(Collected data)

-*-*-

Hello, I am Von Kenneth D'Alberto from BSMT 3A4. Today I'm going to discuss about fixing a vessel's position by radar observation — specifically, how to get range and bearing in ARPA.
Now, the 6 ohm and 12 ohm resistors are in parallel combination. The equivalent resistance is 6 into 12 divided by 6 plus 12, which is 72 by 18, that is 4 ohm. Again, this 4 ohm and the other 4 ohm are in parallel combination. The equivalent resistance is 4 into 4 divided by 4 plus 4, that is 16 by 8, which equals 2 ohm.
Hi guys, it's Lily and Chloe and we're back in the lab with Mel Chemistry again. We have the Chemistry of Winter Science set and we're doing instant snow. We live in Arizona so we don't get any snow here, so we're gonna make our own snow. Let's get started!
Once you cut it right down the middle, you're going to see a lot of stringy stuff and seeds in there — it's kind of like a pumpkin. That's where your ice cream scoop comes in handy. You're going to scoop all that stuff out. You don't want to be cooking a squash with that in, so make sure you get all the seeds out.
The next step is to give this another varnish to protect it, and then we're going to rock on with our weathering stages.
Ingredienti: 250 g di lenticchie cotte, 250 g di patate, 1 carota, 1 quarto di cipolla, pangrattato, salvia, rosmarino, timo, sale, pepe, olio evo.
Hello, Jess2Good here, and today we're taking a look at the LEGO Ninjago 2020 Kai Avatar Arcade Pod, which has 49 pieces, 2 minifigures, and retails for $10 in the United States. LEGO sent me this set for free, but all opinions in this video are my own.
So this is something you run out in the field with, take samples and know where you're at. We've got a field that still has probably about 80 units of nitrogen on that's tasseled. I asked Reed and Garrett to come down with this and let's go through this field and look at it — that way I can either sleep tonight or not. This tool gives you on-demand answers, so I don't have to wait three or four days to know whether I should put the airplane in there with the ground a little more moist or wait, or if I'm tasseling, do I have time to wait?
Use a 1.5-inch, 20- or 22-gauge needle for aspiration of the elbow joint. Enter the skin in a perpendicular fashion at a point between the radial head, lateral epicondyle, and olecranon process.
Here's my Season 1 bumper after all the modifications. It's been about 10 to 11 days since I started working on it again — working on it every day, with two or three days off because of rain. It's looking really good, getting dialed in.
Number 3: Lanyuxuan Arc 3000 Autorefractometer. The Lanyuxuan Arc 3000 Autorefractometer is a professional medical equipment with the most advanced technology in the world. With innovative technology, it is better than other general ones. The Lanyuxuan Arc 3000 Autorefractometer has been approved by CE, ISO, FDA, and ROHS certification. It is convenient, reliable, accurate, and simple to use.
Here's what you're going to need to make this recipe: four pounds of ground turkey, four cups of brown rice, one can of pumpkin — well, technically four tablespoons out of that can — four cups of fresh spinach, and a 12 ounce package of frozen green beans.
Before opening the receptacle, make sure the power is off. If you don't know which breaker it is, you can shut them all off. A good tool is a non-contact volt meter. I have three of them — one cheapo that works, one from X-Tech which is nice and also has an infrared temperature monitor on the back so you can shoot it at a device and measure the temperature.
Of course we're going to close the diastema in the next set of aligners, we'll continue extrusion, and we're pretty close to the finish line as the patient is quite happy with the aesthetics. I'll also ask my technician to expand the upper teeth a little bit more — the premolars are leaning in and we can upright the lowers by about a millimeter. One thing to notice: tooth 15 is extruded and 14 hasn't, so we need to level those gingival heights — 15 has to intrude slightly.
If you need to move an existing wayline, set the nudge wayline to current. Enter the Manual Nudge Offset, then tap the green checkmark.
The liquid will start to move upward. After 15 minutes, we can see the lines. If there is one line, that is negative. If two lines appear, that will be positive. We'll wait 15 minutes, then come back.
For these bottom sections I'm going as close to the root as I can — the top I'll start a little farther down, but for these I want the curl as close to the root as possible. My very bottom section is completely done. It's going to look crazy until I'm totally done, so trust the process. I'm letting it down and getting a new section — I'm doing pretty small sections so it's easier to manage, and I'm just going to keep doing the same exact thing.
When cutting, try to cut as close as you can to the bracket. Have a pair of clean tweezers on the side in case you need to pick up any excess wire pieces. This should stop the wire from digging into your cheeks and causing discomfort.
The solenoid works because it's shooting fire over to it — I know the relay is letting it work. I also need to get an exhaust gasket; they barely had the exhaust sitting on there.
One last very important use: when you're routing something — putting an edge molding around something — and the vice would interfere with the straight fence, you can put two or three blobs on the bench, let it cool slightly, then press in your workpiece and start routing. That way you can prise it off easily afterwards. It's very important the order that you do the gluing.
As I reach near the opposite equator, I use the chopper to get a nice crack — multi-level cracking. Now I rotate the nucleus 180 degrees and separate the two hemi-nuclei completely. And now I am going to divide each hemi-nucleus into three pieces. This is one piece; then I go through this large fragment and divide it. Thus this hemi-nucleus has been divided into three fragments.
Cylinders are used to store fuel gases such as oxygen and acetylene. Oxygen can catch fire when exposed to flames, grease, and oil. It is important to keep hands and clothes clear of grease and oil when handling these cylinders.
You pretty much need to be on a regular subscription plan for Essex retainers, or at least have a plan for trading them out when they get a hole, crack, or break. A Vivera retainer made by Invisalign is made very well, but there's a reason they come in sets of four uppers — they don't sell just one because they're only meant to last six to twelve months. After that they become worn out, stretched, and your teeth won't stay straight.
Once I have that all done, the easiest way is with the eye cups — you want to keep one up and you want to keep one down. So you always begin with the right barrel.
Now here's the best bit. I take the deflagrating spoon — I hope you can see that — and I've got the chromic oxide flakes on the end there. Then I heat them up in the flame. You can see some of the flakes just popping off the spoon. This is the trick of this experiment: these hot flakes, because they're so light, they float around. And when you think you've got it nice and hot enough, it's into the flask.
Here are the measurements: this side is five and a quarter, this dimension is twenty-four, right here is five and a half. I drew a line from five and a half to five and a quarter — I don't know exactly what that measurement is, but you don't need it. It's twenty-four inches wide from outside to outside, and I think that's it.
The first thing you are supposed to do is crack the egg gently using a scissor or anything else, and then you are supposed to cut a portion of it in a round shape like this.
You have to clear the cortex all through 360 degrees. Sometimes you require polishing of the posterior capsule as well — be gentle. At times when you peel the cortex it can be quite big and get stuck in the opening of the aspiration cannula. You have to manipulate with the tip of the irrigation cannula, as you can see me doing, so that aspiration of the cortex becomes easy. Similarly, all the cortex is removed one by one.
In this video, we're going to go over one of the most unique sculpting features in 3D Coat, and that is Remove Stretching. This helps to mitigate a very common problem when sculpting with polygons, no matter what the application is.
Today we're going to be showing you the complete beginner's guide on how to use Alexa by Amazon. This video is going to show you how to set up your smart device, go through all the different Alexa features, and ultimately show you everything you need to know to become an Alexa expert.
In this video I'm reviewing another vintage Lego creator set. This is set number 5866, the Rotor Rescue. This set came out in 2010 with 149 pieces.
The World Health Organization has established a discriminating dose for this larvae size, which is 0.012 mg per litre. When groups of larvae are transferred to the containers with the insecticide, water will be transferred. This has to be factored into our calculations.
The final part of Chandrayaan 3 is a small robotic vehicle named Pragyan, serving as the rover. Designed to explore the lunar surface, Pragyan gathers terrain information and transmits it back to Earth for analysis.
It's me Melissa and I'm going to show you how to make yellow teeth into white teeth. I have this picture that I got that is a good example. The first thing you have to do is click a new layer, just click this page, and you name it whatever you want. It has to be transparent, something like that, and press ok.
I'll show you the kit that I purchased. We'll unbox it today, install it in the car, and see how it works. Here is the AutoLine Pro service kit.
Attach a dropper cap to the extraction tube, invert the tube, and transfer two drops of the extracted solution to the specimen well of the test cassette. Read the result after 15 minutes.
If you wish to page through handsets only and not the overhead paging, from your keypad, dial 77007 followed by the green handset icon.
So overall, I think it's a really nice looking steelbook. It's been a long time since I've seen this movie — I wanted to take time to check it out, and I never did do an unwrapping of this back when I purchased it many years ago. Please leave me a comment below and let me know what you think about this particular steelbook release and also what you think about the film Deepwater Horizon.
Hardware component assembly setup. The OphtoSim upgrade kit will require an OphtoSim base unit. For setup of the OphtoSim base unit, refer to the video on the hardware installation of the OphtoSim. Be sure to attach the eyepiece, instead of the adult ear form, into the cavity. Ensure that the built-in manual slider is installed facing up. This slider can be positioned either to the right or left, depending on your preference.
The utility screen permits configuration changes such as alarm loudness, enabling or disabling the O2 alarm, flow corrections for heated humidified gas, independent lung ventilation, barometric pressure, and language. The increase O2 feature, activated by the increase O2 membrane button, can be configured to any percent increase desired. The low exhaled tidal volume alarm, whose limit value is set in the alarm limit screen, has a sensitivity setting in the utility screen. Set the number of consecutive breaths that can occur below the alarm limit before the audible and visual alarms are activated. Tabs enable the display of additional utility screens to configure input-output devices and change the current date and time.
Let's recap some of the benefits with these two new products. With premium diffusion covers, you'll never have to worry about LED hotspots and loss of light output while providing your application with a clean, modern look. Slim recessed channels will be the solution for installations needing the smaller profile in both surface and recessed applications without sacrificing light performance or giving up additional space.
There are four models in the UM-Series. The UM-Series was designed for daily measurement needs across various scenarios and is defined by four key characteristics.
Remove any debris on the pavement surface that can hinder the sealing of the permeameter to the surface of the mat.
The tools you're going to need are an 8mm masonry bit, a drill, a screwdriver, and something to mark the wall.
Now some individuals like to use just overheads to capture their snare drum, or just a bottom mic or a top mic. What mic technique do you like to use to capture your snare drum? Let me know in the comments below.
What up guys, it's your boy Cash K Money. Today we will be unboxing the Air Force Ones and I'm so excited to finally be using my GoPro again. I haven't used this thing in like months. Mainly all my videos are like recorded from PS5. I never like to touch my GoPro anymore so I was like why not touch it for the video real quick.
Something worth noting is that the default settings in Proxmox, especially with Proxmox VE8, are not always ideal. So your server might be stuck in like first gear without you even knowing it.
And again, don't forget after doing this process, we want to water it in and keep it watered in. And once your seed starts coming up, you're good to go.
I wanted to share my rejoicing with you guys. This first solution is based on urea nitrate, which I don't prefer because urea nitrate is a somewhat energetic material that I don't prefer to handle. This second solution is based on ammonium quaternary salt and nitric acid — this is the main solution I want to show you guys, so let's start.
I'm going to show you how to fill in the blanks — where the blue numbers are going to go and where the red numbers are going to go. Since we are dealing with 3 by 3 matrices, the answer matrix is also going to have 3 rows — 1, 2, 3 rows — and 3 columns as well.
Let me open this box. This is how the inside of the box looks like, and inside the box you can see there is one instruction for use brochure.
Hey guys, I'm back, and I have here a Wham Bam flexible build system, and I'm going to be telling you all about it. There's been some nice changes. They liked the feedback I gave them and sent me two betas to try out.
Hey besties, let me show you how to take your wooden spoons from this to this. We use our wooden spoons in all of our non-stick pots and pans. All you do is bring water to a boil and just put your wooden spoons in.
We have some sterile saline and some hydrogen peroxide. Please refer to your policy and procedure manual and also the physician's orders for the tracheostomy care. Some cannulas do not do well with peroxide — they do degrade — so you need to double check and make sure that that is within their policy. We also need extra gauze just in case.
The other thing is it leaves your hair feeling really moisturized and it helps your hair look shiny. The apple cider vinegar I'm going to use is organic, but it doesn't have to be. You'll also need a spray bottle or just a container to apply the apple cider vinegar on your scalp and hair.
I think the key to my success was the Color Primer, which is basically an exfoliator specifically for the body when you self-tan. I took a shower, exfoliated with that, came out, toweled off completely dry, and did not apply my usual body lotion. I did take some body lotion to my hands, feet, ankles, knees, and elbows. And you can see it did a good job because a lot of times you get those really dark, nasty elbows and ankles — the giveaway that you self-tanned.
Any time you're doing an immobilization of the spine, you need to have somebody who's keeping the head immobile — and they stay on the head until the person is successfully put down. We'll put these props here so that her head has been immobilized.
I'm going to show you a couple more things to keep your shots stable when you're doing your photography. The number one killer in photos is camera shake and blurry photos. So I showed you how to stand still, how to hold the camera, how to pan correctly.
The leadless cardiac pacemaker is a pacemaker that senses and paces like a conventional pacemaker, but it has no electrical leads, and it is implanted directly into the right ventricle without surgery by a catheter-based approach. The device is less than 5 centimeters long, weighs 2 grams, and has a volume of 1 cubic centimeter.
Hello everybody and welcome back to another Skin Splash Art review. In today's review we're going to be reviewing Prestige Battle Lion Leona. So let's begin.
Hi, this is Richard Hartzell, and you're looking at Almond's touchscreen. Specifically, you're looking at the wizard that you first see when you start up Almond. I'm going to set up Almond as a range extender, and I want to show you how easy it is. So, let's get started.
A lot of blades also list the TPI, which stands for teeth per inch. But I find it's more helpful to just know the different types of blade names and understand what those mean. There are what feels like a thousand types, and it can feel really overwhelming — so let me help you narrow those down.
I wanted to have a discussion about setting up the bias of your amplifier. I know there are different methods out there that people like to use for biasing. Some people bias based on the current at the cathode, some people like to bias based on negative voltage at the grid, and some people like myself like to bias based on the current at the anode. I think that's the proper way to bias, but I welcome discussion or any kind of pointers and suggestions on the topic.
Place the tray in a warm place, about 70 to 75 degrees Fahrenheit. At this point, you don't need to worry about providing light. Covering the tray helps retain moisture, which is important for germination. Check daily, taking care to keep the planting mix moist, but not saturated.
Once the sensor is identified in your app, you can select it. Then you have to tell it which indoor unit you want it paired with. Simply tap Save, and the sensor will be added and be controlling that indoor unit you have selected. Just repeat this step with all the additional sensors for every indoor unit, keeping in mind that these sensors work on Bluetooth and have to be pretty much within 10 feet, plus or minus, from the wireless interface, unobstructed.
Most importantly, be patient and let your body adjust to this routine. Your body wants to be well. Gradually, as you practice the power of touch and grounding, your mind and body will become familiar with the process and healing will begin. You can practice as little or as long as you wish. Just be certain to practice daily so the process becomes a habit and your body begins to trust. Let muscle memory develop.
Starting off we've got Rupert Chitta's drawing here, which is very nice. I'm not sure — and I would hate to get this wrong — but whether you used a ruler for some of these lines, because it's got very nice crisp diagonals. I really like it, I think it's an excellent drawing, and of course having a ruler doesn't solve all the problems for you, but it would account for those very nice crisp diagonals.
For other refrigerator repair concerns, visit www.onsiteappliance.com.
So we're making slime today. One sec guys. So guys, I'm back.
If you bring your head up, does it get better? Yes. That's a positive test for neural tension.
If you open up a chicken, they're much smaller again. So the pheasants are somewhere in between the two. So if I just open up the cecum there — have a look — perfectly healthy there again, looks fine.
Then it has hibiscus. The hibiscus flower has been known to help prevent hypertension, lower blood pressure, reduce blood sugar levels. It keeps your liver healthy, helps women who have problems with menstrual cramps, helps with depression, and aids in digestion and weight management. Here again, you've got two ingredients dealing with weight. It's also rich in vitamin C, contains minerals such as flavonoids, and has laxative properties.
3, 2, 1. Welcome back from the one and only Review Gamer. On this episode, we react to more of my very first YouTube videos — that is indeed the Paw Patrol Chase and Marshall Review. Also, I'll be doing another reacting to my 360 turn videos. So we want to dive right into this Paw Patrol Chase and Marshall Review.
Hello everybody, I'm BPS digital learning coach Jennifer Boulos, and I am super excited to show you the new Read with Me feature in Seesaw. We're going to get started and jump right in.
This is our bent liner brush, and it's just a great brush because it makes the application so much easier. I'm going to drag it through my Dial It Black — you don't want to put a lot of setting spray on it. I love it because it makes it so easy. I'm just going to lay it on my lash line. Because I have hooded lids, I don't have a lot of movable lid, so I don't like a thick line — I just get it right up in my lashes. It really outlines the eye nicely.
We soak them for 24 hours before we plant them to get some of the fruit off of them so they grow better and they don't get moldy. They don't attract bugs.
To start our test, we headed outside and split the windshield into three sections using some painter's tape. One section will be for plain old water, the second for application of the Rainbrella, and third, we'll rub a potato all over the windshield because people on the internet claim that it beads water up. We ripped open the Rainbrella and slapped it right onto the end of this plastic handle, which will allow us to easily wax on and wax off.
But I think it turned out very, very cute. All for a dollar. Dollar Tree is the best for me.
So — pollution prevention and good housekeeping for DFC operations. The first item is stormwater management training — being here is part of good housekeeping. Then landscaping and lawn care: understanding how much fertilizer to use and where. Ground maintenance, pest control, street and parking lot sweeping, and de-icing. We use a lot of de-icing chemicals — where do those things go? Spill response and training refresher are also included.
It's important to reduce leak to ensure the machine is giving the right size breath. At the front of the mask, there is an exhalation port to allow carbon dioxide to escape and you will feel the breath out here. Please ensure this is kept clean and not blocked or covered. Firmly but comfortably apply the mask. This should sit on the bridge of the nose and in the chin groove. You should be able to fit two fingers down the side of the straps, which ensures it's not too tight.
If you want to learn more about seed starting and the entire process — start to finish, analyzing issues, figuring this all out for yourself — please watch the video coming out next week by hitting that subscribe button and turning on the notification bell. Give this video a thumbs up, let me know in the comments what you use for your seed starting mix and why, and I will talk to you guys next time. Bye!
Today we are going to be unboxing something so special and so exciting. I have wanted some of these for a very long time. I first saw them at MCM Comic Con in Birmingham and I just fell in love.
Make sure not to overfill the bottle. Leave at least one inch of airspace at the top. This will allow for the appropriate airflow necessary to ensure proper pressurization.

-*-*-

Return word for word the lines above from the line with "Hello everybody, I'm" to the line with "So — pollution", including both and leaving out all others.

### Solution
Hello everybody, I'm BPS digital learning coach Jennifer Boulos, and I am super excited to show you the new Read with Me feature in Seesaw. We're going to get started and jump right in.
This is our bent liner brush, and it's just a great brush because it makes the application so much easier. I'm going to drag it through my Dial It Black — you don't want to put a lot of setting spray on it. I love it because it makes it so easy. I'm just going to lay it on my lash line. Because I have hooded lids, I don't have a lot of movable lid, so I don't like a thick line — I just get it right up in my lashes. It really outlines the eye nicely.
We soak them for 24 hours before we plant them to get some of the fruit off of them so they grow better and they don't get moldy. They don't attract bugs.
To start our test, we headed outside and split the windshield into three sections using some painter's tape. One section will be for plain old water, the second for application of the Rainbrella, and third, we'll rub a potato all over the windshield because people on the internet claim that it beads water up. We ripped open the Rainbrella and slapped it right onto the end of this plastic handle, which will allow us to easily wax on and wax off.
But I think it turned out very, very cute. All for a dollar. Dollar Tree is the best for me.
So — pollution prevention and good housekeeping for DFC operations. The first item is stormwater management training — being here is part of good housekeeping. Then landscaping and lawn care: understanding how much fertilizer to use and where. Ground maintenance, pest control, street and parking lot sweeping, and de-icing. We use a lot of de-icing chemicals — where do those things go? Spill response and training refresher are also included.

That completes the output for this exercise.